Exercise aim: Return only the lines below starting at the line containing "Herverkoop - Appartement" and ending at the line containing "ป้าย หกเหลี่ยม ยันต์จีน", both included, exactly as they are and with no pictures.

The data:
----
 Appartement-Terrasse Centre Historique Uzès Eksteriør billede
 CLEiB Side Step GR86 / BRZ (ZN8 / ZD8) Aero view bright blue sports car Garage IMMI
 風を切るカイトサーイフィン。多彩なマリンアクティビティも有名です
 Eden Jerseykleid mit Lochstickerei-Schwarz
----
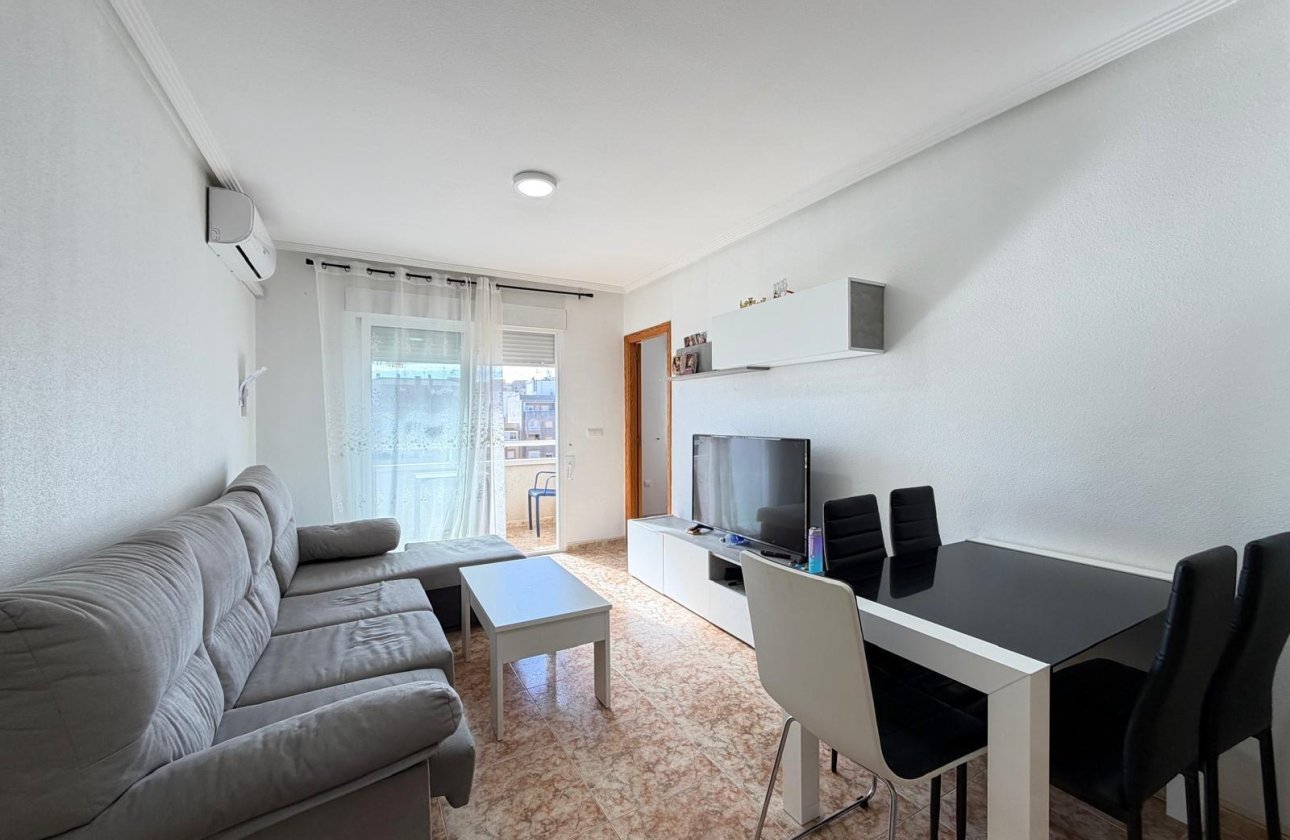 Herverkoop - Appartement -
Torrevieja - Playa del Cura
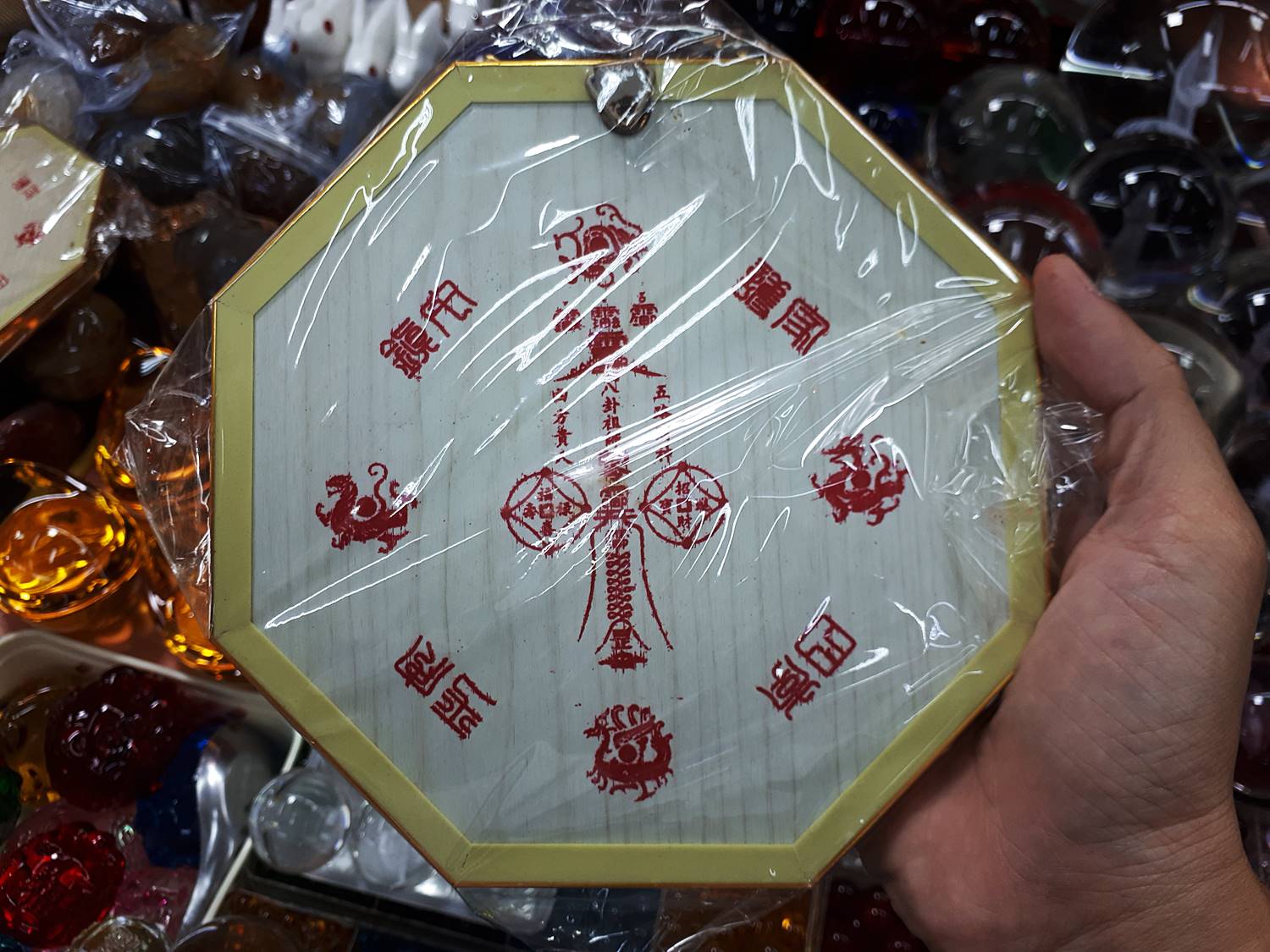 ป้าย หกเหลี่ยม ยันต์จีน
----
Answer section:
 Herverkoop - Appartement -
Torrevieja - Playa del Cura
 ป้าย หกเหลี่ยม ยันต์จีน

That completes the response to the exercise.